Because of the size of the island, travel is also quite different from home. Only full-time residents are allowed to own a car, an itty-bitty little car, and each household was limited to one. Everyone else had to ride scooters. Not motorcycles. Scooters.
|This is our actual scooter, but not actually me. We flew Hubby's mom out for Mother's Day, and he was trying to get her comfortable with the scooter before we headed out onto real roads.
The speed limit for the entire island was 25kph. (That's kilometers for my American friends. We also bought litres of gas and drove on the left side of the road.) No freeways on this little island.
Hubby and I had one scooter. I would drive him to work in the morning, go do whatever I was doing that day, then pick him up in the afternoon. (Not night. Those Bermudians are a laid-back lot, and he never, ever worked past 4:30. Frequently, everyone cut out at 3:30 and hit the bar below the offices for a beer or two.)

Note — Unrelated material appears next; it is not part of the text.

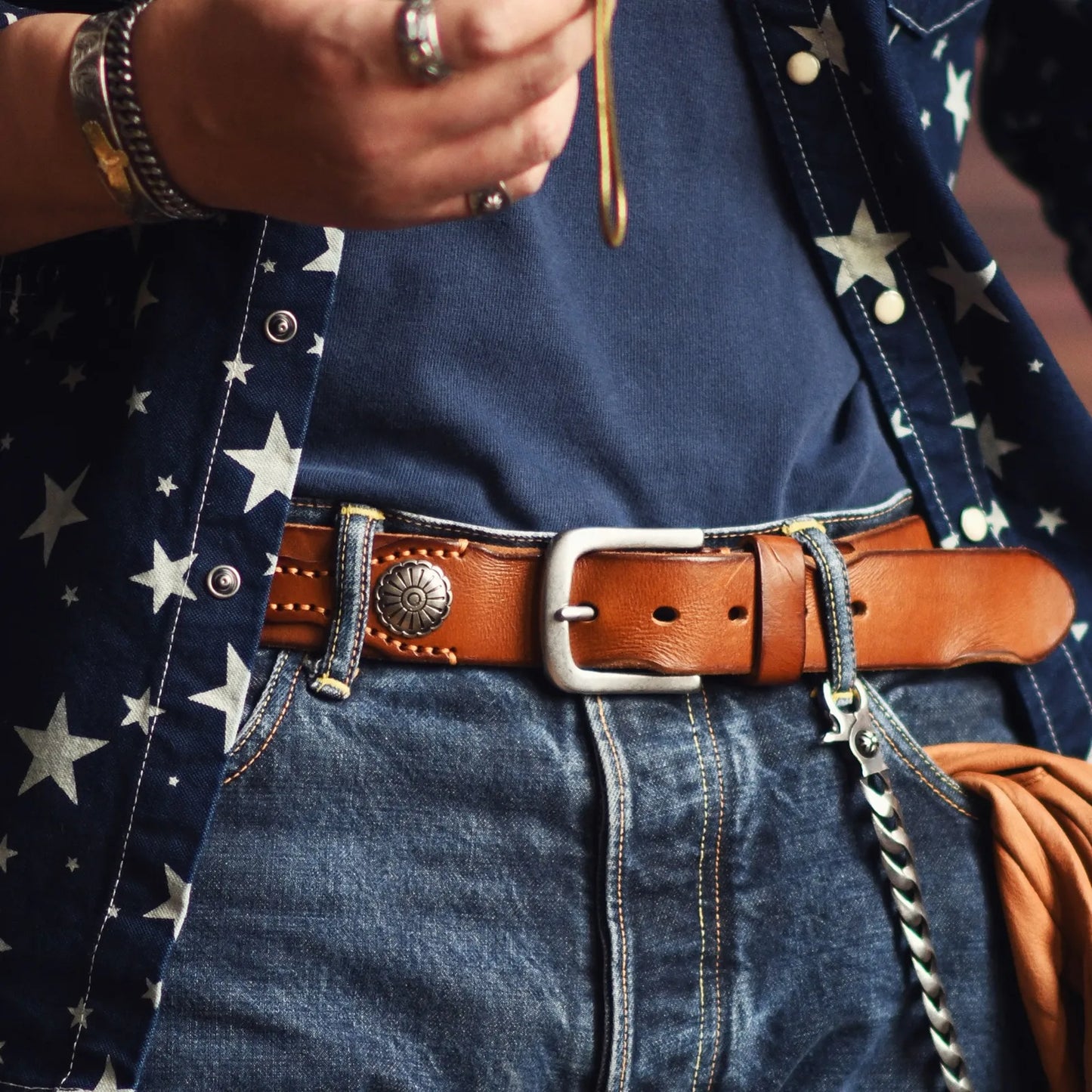 Retro Denim Style Genuine Leather Belt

See the cars? That's as big as they got.
Right behind the (pathetic) photographer is the dock where the cruise ships docked. Hubby always had a good time watching all of the tourists disembark. Watching them all rent and ride scooters for the first time in their lives was beyond comical.
And while we're talking Hubby's job, we'll discuss business attire in Bermuda. I'm sure most of you know what I mean when I say "Bermuda shorts". They are tailored shorts that fall just above the knee. In Bermuda, that is what men wear to work. And they don't go with boring colors of brown or black. Grown, rich, businessmen wear pastel pink, blue, green, and yellow shorts. While the look of these men heading to work in colorful shorts took us back a bit, what really made us smile was what these men wore with there shorts.

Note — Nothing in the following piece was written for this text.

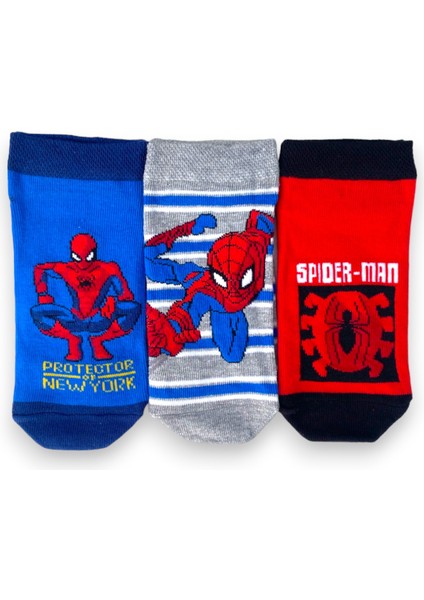 Disney Lisanslı Spiderman Patik Çorap 3'lü Paket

Everyone wears knee-high socks the same color as his Bermuda shorts.
Yup, pastel pink shorts with pastel pink socks.
With a white shirt, suit jacket, tie, and dress shoes.
Hubby didn't jump right on that bandwagon. He wore his usual suits for at least three weeks. But the teasing and peer pressure finally got to him, and he caved.
He couldn't bring himself to wear the pastel, but he did wear the shorts.
And sweet mama, he wore knee-high socks.
Good look, no?
This photo was taken inside our little studio apartment. There aren't high-rise complexes. Instead, many of the full-time residents have apartments attached to their houses to generate some extra income. See that sliding-door behind Hubby? It leads out to a patio, which, if you took the 5 steps down to the other patio, you could jump into the ocean.
See the window next to Hubby? You can see the ocean beyond the bushes. Cruise ships go past that window before heading around the bend to dock in Hamilton (the capitol) in front of Hubby's office.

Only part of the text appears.